GUNUNGSITOLI – bhayangkarapos.com
Wajah-wajah penuh harap dan senyum lega terlihat di halaman RSUD dr. Thomsen Gunungsitoli, Jumat (26/6/2026). Dalam rangkaian program Karya Bakti TNI Angkatan Darat untuk Rakyat di Kepulauan Nias, bakti kesehatan berupa operasi mata katarak dan bibir sumbing digelar secara masif, membawa harapan baru bagi ratusan masyarakat yang selama ini hidup dalam keterbatasan fisik.
Sebelum menjalani tindakan medis, para peserta telah melalui tahapan seleksi ketat meliputi pengecekan administrasi dan pemeriksaan kesehatan menyeluruh. Proses ini memastikan setiap pasien benar-benar layak dan siap secara medis untuk menjalani prosedur bedah. Antusiasme warga sangat tinggi; mereka berdatangan dari berbagai pelosok desa di kepulauan, rela menempuh perjalanan jauh demi mendapatkan pelayanan gratis berkualitas ini.

Program ini merupakan implementasi nyata kepedulian TNI AD terhadap kesejahteraan rakyat, sekaligus dukungan konkret terhadap program pelayanan kesehatan yang dicanangkan oleh Presiden Republik Indonesia, Prabowo Subianto. Melalui intervensi medis langsung, TNI AD tidak hanya mengobati penyakit, tetapi juga mengembalikan martabat dan kepercayaan diri masyarakat agar dapat kembali produktif dan berbaur aktif di tengah komunitasnya.
Salah satu penerima manfaat, seorang ibu paruh baya yang baru saja menjalani operasi katarak, tak kuasa menahan air mata haru saat ditemui usai tindakan.
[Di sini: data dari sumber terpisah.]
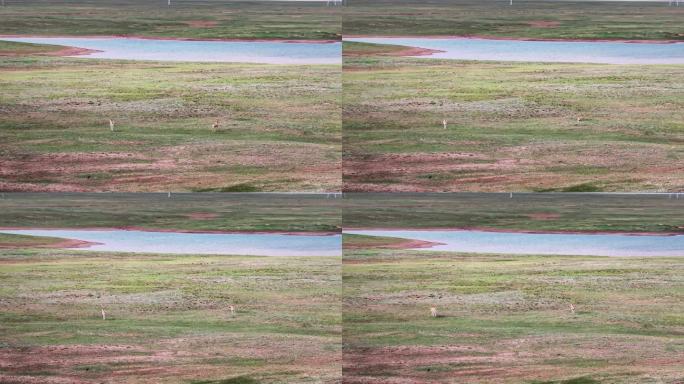 青海可可西里藏羚羊野生动物实拍航拍视频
Dengan suara bergetar, ia menyampaikan rasa syukurnya yang mendalam.
“Terima kasih kepada Bapak Presiden RI Prabowo Subianto dan TNI AD. Selama bertahun-tahun saya hanya bisa melihat bayangan samar, kini dunia terasa terang kembali. Bantuan operasi ini bukan sekadar menyembuhkan mata, tapi memberi kami kehidupan baru,” ungkapnya sambil memegang tangan prajurit pendamping.
Kegiatan ini menjadi bukti sinergi apik antara TNI AD, tenaga medis RSUD dr. Thomsen, pemerintah daerah, dan berbagai pihak terkait. Kolaborasi ini memastikan pelayanan yang diberikan tidak hanya bersifat kuratif, tetapi juga preventif dan berkelanjutan. Tim medis bekerja dengan standar profesional tinggi, didampingi personel TNI yang bertugas sebagai pendamping dan pengawas alur layanan.
Komandan Satuan Tugas Karya Bakti menegaskan bahwa kehadiran TNI di tengah rakyat harus selalu memberikan solusi nyata. “Bersama Rakyat, TNI AD Kuat dan Selalu Hadir untuk Mengatasi Kesulitan Rakyat di Sekelilingnya. Operasi hari ini adalah wujud janji kami bahwa tidak ada warga Nias yang akan dibiarkan menderita karena ketiadaan akses kesehatan,” tegasnya.
Dengan selesainya ratusan kasus katarak dan bibir sumbing ini, dampak positifnya akan terus bergema di masyarakat. Senyum yang kembali merekah dan pandangan yang kembali terang adalah investasi terbaik bagi masa depan sumber daya manusia di Kepulauan Nias, sekaligus penguatan ikatan kemanusiaan antara TNI dan rakyat yang tak tergoyahkan.